I'm not talking about autonomous systems. I probably should differentiate between the two, because autonomous systems are you know, there's a robot which is going around in the thing serving chai and then doing this and cleaning the windows at the same time as vacuuming the floor and greeting the visitor. Okay, that's like autonomous. You know completely autonomous stuff, right, and there's a lot of things which make it both mechanically complicated and the software of it fairly complicated in terms of just the wide range of things they need to do.

Speaker 3:

But automation, I think, is a different thing and I feel that we will see a lot of innovation automation. So automation is very specific, narrow area in which you are actually functioning, and the example you gave earlier about manufacturing right that is being automated. So the robot that is just taking something and putting it there, right, but for instance, just to use that, the vision systems and the advancement in vision, which means that we can actually dramatically reduce the cost of automation, because what it takes to train a robot like that has come down. How flexible that robot can be in terms of the range of activities it can do has come down, which means that you can provide automation in industries which previously wouldn't have been possible at all because the price points were higher. In one sense, you're democratizing automation.

Speaker 3:

So that is happening and the reason that is possible is that the models the SLMs, not the LLMs, not the large language models, but the small language models are now getting more and more powerful. Actually, just as DeepSeq is a smaller version of the larger models, but the small language models are now getting more and more powerful. Actually, just as DeepSeq is a smaller version of the larger models, it's yet very powerful. Think of even smaller models which will have very domain-specific things which we are very, very good at and they are very fast at, and they are fairly cheap and can be embedded inside a robot in a small form factor. So that just opens up opportunities for automation.
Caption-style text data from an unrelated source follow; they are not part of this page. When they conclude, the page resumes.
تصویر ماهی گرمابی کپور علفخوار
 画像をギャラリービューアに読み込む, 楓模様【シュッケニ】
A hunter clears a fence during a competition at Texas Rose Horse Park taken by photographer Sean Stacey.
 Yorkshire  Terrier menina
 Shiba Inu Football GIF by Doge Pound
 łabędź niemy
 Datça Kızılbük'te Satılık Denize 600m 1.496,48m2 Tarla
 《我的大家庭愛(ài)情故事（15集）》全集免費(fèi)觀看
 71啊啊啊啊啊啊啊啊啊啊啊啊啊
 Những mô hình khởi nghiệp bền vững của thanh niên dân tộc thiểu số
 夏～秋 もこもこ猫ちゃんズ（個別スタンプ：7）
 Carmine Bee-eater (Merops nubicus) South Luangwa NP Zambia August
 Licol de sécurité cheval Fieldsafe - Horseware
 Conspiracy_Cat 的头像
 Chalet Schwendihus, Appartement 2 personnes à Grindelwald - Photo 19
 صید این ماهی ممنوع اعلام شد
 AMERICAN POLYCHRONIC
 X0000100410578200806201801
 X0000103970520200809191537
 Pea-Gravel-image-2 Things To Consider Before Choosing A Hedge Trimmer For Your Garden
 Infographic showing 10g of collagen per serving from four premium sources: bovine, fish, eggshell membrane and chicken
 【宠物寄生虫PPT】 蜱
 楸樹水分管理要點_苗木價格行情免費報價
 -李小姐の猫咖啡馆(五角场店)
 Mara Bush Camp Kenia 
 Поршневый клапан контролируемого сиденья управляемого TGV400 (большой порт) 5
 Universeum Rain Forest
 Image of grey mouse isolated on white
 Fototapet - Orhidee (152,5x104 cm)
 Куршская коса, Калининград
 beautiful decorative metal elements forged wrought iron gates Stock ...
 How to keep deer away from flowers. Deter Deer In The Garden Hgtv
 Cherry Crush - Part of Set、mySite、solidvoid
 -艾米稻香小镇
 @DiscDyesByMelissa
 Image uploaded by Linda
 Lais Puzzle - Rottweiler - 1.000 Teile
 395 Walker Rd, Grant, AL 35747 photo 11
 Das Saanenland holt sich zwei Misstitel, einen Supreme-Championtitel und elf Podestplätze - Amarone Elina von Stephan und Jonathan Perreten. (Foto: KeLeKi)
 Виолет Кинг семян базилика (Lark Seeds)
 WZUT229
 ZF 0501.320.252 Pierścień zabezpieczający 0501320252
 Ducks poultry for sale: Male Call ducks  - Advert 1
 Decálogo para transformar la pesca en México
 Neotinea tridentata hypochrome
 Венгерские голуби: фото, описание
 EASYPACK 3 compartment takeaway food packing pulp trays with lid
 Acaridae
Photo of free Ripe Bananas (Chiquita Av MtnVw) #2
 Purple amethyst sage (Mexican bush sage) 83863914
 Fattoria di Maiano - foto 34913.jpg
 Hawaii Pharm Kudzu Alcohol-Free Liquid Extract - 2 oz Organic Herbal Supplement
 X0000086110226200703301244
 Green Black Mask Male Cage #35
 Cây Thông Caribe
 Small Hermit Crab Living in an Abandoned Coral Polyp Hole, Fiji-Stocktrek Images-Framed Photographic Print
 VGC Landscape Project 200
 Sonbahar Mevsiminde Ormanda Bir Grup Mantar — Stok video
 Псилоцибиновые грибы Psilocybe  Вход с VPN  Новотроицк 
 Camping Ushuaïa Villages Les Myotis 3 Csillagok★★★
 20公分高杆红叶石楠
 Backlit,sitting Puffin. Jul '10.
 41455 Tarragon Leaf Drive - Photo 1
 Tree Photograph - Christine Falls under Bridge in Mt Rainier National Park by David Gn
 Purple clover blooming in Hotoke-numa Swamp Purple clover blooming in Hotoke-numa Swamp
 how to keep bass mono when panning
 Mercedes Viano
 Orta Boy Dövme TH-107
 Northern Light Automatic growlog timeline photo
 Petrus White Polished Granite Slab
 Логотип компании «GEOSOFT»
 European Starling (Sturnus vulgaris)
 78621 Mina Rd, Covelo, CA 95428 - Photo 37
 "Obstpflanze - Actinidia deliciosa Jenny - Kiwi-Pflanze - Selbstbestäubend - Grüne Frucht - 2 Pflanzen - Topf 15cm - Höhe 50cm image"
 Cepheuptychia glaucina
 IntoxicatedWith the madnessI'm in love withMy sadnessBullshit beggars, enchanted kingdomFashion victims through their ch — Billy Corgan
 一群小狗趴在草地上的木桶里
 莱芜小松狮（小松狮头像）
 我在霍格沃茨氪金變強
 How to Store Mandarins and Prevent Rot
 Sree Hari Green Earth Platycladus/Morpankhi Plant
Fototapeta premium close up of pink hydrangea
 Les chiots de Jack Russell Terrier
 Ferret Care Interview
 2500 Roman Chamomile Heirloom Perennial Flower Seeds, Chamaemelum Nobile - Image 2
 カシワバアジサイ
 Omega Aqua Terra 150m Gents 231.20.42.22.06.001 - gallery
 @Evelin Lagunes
So I'm very excited about that and I feel that we will see, you know, just new greenfield opportunities there. So three things which I'm looking at, but I'm sure that more will probably come up.

Speaker 1:

Yeah, I'm sure somebody is building an AI VC while we're discussing software. Ai will eat software. Somebody might be building a AI VC will eat traditional VCs yeah, you're absolutely right.

Speaker 3:

Until then, we'll keep our day job.

Speaker 1:

Okay, Thank you, Duthi. Thank you everyone. I hope you'll enjoy the discussion that we had. Do share your comments and feedback.

Speaker 3:

Thanks, gaurav, pleasure talking to you.